Lines from the one containing "河北省秦皇岛市北戴河新区公开招考12名社区工作者模拟考试练习卷含答案第1次" through the end of the data below are to be transcribed exactly; leave out all others.
################
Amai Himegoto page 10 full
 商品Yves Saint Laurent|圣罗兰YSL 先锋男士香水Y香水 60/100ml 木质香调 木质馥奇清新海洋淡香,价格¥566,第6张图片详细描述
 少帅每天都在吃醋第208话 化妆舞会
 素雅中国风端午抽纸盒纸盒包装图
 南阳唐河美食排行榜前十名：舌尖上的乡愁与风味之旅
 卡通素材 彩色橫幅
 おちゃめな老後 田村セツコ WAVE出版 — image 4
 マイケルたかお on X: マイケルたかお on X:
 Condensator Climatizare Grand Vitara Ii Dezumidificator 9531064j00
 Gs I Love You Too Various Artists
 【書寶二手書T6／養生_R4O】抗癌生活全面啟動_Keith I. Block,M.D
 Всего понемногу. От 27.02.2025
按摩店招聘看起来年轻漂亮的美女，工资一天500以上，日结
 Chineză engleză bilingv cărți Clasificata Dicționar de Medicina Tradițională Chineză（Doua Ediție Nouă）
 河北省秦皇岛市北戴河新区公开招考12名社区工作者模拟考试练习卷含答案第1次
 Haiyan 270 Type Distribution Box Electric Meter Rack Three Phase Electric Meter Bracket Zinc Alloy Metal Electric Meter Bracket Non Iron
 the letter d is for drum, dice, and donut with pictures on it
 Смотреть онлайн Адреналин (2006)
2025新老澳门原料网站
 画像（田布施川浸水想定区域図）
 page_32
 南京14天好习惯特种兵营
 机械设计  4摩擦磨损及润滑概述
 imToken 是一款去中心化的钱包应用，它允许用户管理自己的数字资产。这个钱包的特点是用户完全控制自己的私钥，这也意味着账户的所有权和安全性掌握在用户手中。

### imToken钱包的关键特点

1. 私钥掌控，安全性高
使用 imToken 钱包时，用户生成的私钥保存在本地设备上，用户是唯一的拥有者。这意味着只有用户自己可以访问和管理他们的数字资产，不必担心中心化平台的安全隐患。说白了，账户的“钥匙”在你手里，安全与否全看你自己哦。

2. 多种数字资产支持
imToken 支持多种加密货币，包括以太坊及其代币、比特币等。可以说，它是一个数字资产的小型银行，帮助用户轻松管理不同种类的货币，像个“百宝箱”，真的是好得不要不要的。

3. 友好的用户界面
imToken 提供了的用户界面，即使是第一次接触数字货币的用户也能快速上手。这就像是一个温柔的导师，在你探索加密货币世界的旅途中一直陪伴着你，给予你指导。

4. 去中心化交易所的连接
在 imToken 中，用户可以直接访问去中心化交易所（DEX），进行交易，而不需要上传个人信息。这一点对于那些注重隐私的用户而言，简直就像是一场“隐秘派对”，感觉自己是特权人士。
################
● EXERCISE SOLUTION
 河北省秦皇岛市北戴河新区公开招考12名社区工作者模拟考试练习卷含答案第1次
 Haiyan 270 Type Distribution Box Electric Meter Rack Three Phase Electric Meter Bracket Zinc Alloy Metal Electric Meter Bracket Non Iron
 the letter d is for drum, dice, and donut with pictures on it
 Смотреть онлайн Адреналин (2006)
2025新老澳门原料网站
 画像（田布施川浸水想定区域図）
 page_32
 南京14天好习惯特种兵营
 机械设计  4摩擦磨损及润滑概述
 imToken 是一款去中心化的钱包应用，它允许用户管理自己的数字资产。这个钱包的特点是用户完全控制自己的私钥，这也意味着账户的所有权和安全性掌握在用户手中。

### imToken钱包的关键特点

1. 私钥掌控，安全性高
使用 imToken 钱包时，用户生成的私钥保存在本地设备上，用户是唯一的拥有者。这意味着只有用户自己可以访问和管理他们的数字资产，不必担心中心化平台的安全隐患。说白了，账户的“钥匙”在你手里，安全与否全看你自己哦。

2. 多种数字资产支持
imToken 支持多种加密货币，包括以太坊及其代币、比特币等。可以说，它是一个数字资产的小型银行，帮助用户轻松管理不同种类的货币，像个“百宝箱”，真的是好得不要不要的。

3. 友好的用户界面
imToken 提供了的用户界面，即使是第一次接触数字货币的用户也能快速上手。这就像是一个温柔的导师，在你探索加密货币世界的旅途中一直陪伴着你，给予你指导。

4. 去中心化交易所的连接
在 imToken 中，用户可以直接访问去中心化交易所（DEX），进行交易，而不需要上传个人信息。这一点对于那些注重隐私的用户而言，简直就像是一场“隐秘派对”，感觉自己是特权人士。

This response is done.